Wolfgang Semper, CEO at Andritz Hydro, said: “The technical concept is based on decades of experience with similar equipment in low head power stations as well as managerial skills in handling very large projects to the optimum benefit in the project. With that our consortium provides the leadership and resources to make this world’s first tidal lagoon the footprint for a new UK industry.”
GE will manufacture and assemble key components in the UK. The project’s sixteen generators – the highest value component in the 700 tonne turbines – will be produced at GE’s Rugby facility, sustaining employment and investment there, it is stated in the press release.
In addition, GE is working on plans to potentially reshore its medium voltage switchboard operations for the UK tidal lagoon industry at its Kidsgrove facility, which could result in creating more jobs for the UK.
GE and Andritz Hydro will now conclude British supply contracts for turbine and generator components.
Working with the Welsh Government, Tidal Lagoon Power, developer of the Swansea Bay Tidal Lagoon, has shortlisted three potential sites in the Swansea Bay City Region (comprising Swansea, Neath Port Talbot, Carmarthenshire and Pembrokeshire) for a 9.290 square metres Turbine Assembly Plant that will scale operations.
Initially employing 100 skilled workers and capable of shipping one 7.35 m diameter runner turbine a month, the facility is expected to scale operations by six times by 2018, shipping at least one turbine a week as the UK moves to the construction of full-scale tidal lagoons.
Mark Shorrock, CEO at Tidal Lagoon Power, stated: “Tidal lagoons will employ British industry to harness a British natural resource and return profits to British institutions. Now with GE and Andritz we will make the very most of the first-mover advantage on offer to Welsh and wider UK industry.”

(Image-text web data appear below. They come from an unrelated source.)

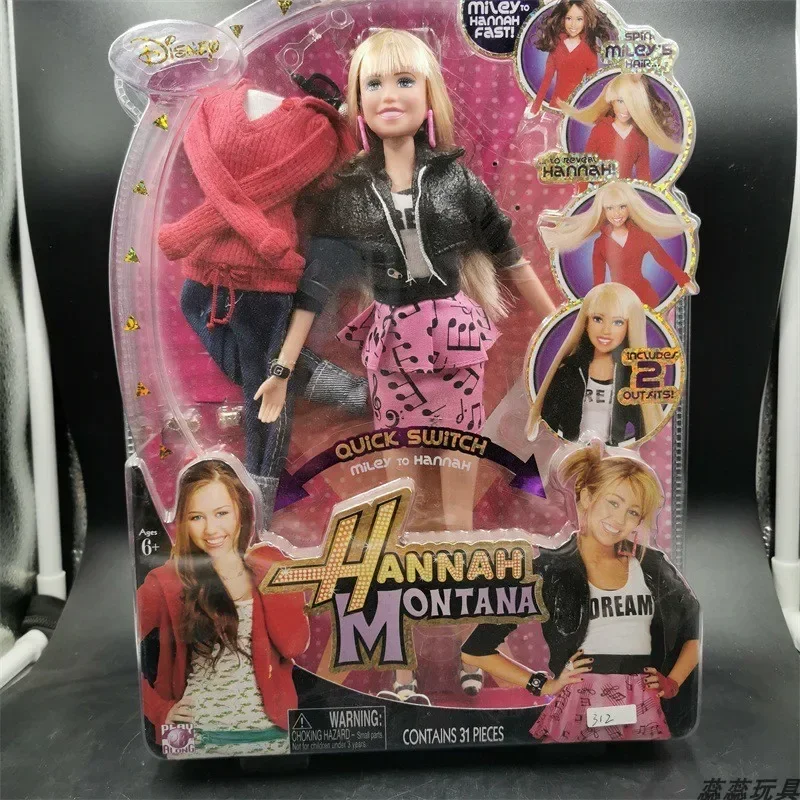 Disney Hannah Montana Doll Miley Stewart Fashion Princess Doll Joint Movable Beautiful Girl Play House Toy Anime Figures Gifts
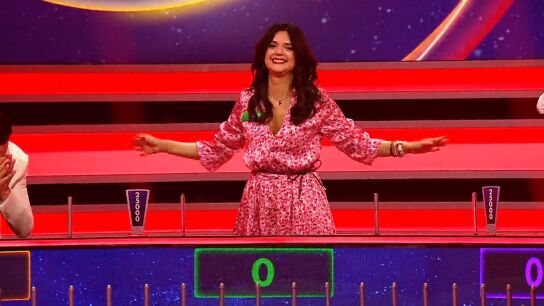 Irene, concursante de La ruleta de la suerte noche
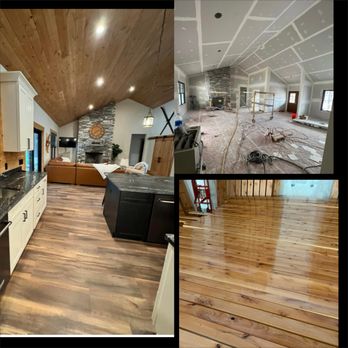 Start Painting - Start to finish, ship lap ceiling, vinyl flooring and paint - Painters Near Me - Kingsley, Michigan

General Electric and Andritz Hydro have also been selected as preferred bidders for the GBP 25 mln contract to manage the operations and maintenance of the Swansea Bay Tidal Lagoon power plant for a minimum of five years.
Tidal Lagoon Power intends to follow the Swansea Bay Tidal Lagoon, scheduled to commence construction later this year, with five full-scale tidal lagoons in UK waters. Between them, the six projects could provide 8% of the UK’s electricity for the next 120 years.